After the announcement of the deal, U.S. stocks surged and hit an all-time high, cresting just over 29,000 with the Dow up 200 points.
On Wednesday, following a trade war of nearly two years, U.S. Trade Representative Robert Lighthizer and Chinese Vice Premier Liu He are slated to sign the pact.
According to FOX Business, the purchases will total $205 billion to $210 billion over two years while Chinese sources indicate the buys would be between $215 billion and $220 billion. The purchase details are contained in a section of the agreement that officials have said will not be made public.
Cavuto said that the Chinese will have to respond to mechanisms built-in to make sure their commitment to buy products like soybeans, wheat, pork, and computer parts are monitored.
If the Chinese don't hold up their end of the bargain, Cavuto said the threat to them would potentially become more tariffs.
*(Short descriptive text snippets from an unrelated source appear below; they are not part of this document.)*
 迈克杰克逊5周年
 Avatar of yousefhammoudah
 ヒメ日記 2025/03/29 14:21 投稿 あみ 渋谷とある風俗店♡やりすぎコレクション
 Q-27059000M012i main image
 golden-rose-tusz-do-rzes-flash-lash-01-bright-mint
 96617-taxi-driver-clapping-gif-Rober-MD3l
"I should stress as well, Sandra, that while all this is welcome and certainly good news," he said, "it doesn't necessarily return us to where we were before things started two years ago. And there is a fear, as well, that even with tariffs being reduced, two-thirds of the items we still get from China will be under some sort of tariffs."
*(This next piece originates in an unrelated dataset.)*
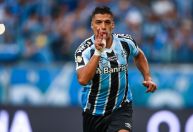 Dono do Inter Miami fala sobre possível contratação de Luis Suárez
Cavuto also noted that the "big bugaboo" is intellectual property theft and currency manipulation perpetrated by the Chinese. He said that another question to add to the mounting pile is how to police that kind of behavior when a lot of U.S. companies plan to enter business with China.
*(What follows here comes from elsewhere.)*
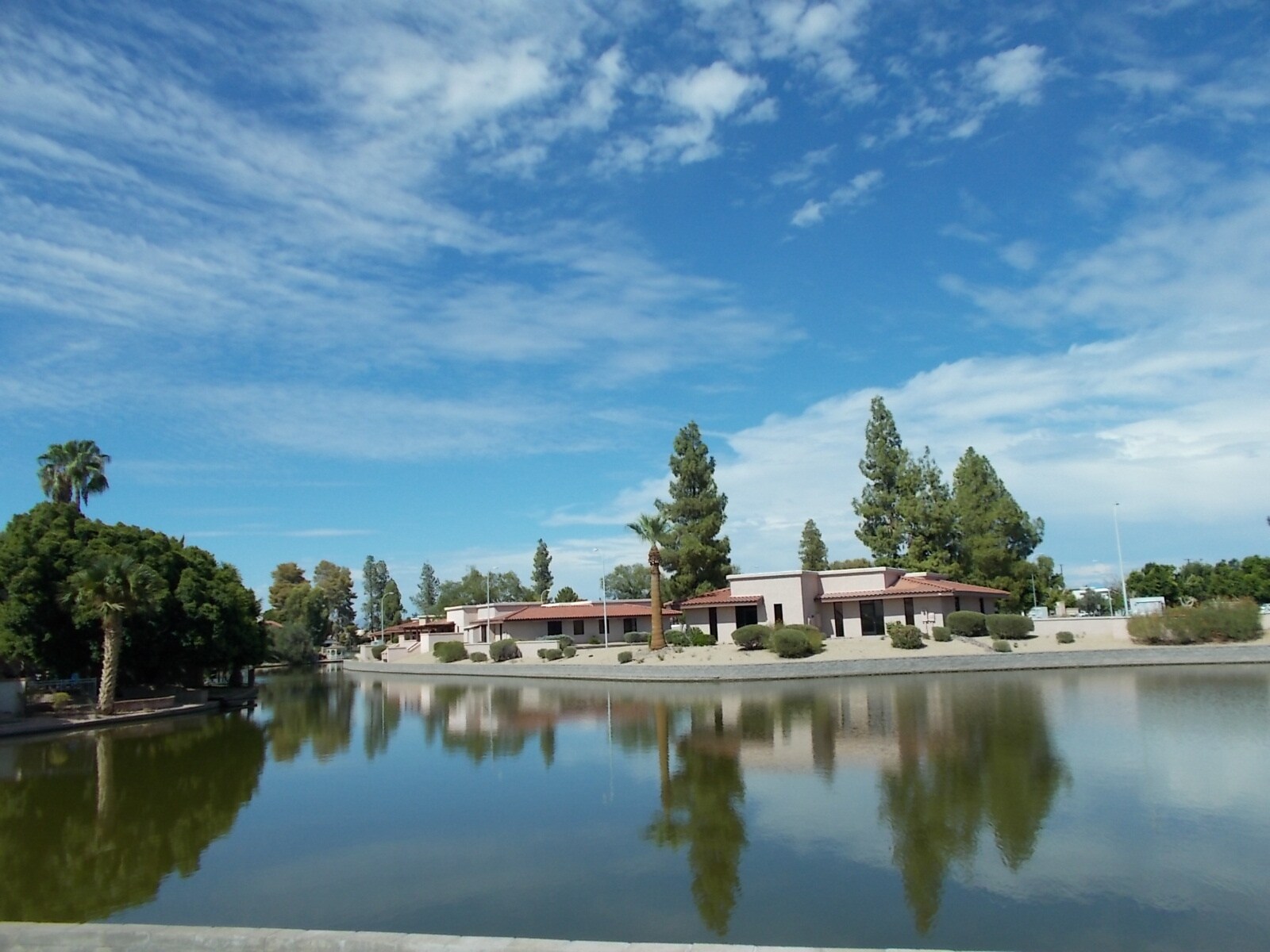 2058 S Dobson Rd, Mesa, AZ for Rent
Cavuto said that, going forward, those companies would have to be a lot more careful and vigilant and that "if they don't do that or there isn't a mechanism in place to make sure they don't do that, all of this could be for nothing."
He told Smith that if the Chinese don't do what they have promised in their deal, the U.S. can "revisit all of this" with "the threat of still more tariffs to come."
"The president seems to think it's a very good strategy to extract concessions from the other side," he mused. "We'll see."